The equations that uniquely describe the solution already have shocks in them, so I am a little confused about what the steady state in the empirics section is. Here is the best answers I could come up with: They taking out the shocks, deriving the steady state, and then seeing how the shocks will move the system away from the steady state and then back over time. If anyone could confirm or deny this answer that would be great. This is a problem I have come across before when reading these papers with general equilibrium models with shocks.

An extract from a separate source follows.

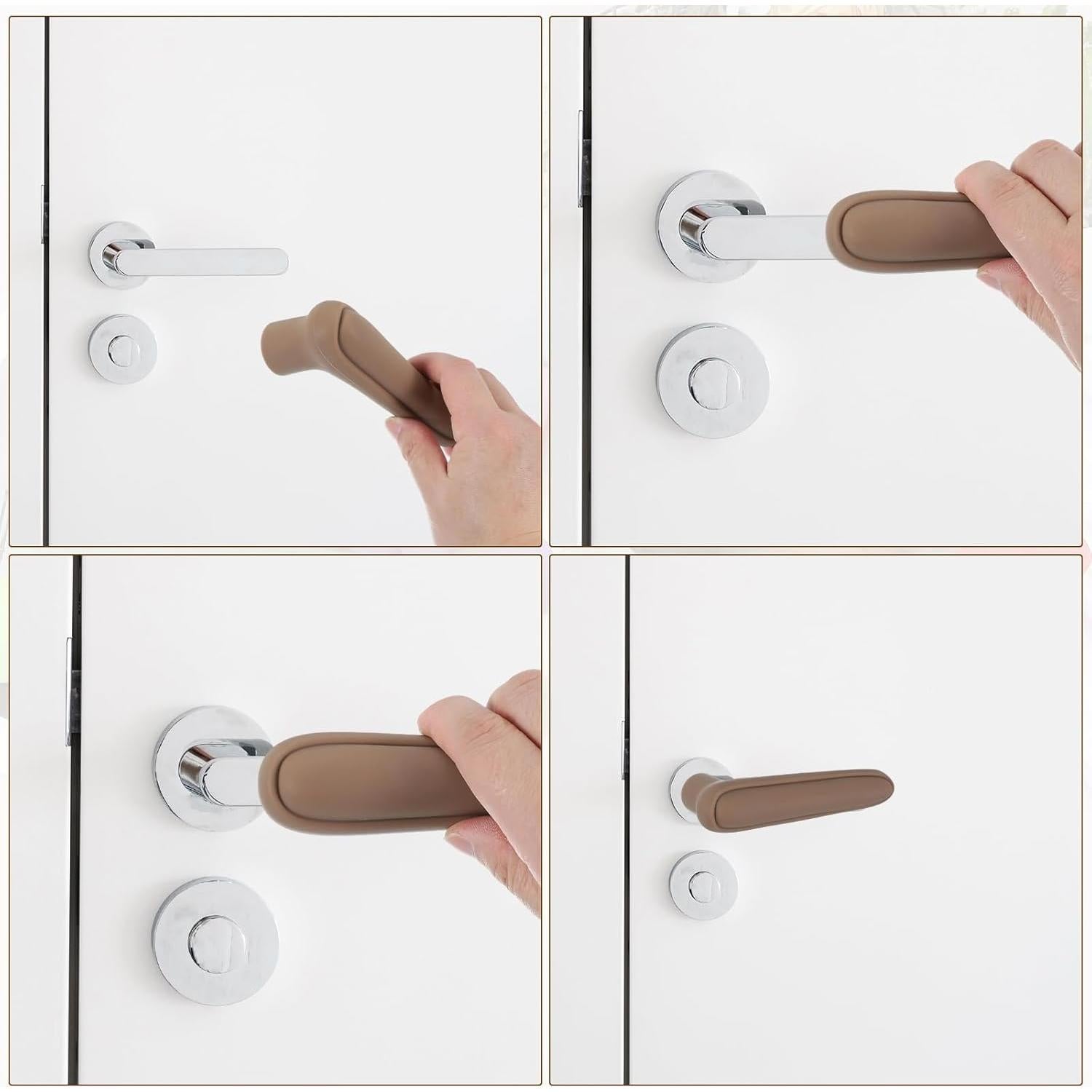 Cubiertas de Manijas de Puerta uxcell de Silicona 2 Pcs Marrón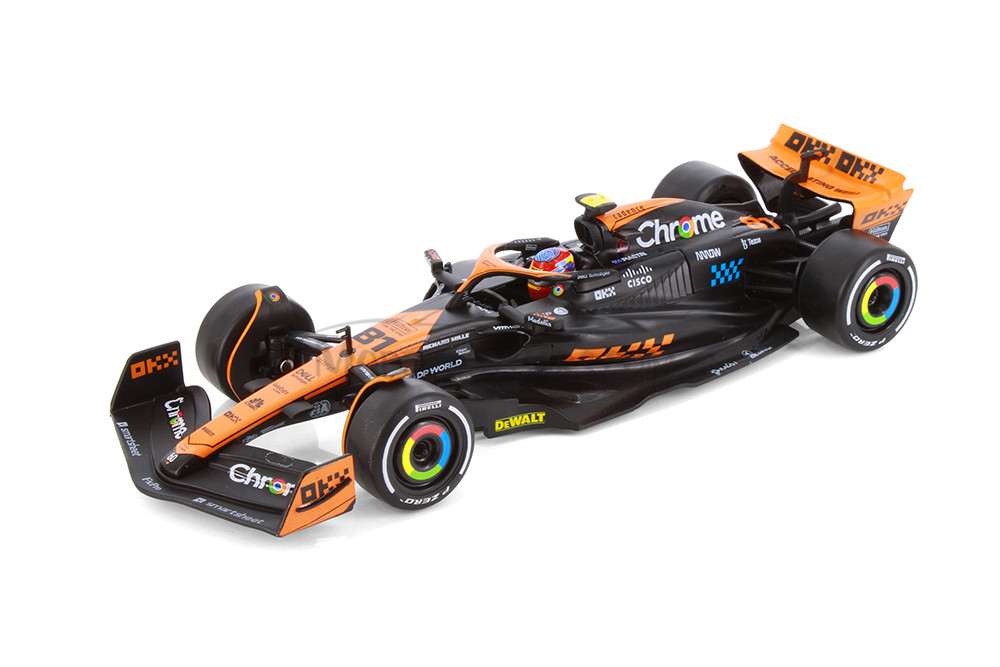 Box of 4 2023 McLaren MCL60 F1 "Singapore GP", #81 Piastri / #4 Norris - Showcasts® 221290A1D - 1/24 Scale Diecast Model Toy Cars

What you address (and what is done in your referred paper) is called

## Model Calibration

Many economic models use this method to determine one or more parameters:

Calibration is a strategy for finding numerical values for the parameters of artificial economic worlds.

As the widespread use of this technique, let me explain it with a universal example and order your statements to the correct steps here:

## The Model

In the paper the authors derive 9 equations that uniquely derive an equilibrium in their model.

Let us construct a simple model to explain some dependent variable $y$. The only independent variable to explain $y$ is $x$. The only restriction in our model is, that $\frac{dy}{dx}=1$ must hold for any observation.

Without any further requirements, it is simple to derive the whole model: $$y=x + \mathbf{t}$$ What can be seen, is the appearance of an unknown variable t. As our model contained a differential equation, such additional variables occur. How to deal with them?

## Calibration

Then in the next section they run empirical tests by starting at a steady state and then hitting the system with productivity and wage shocks to see the dynamics.

Make use of your economic model and calibrate t to your data. Thats exactly what the authors do in order to see the dynamics. Lets assume you have the following three observations:

|    y    |    x    |
---------------------
|    3    |    1    |
|    4    |    2    |
|    5    |    3    |


Calibration finds an optimized solution for our yet unknown parameter t. For the three observations above, t would have a value of $2$. Now, you have your full model given with the formula: $$y=x+2$$

## Further information

I recommend to read this paper, which discusses the use of calibration techniques in economic models. The authors discuss concrete various macroeconomic models on their critical use of calibration and offer more details and best practices on this technique.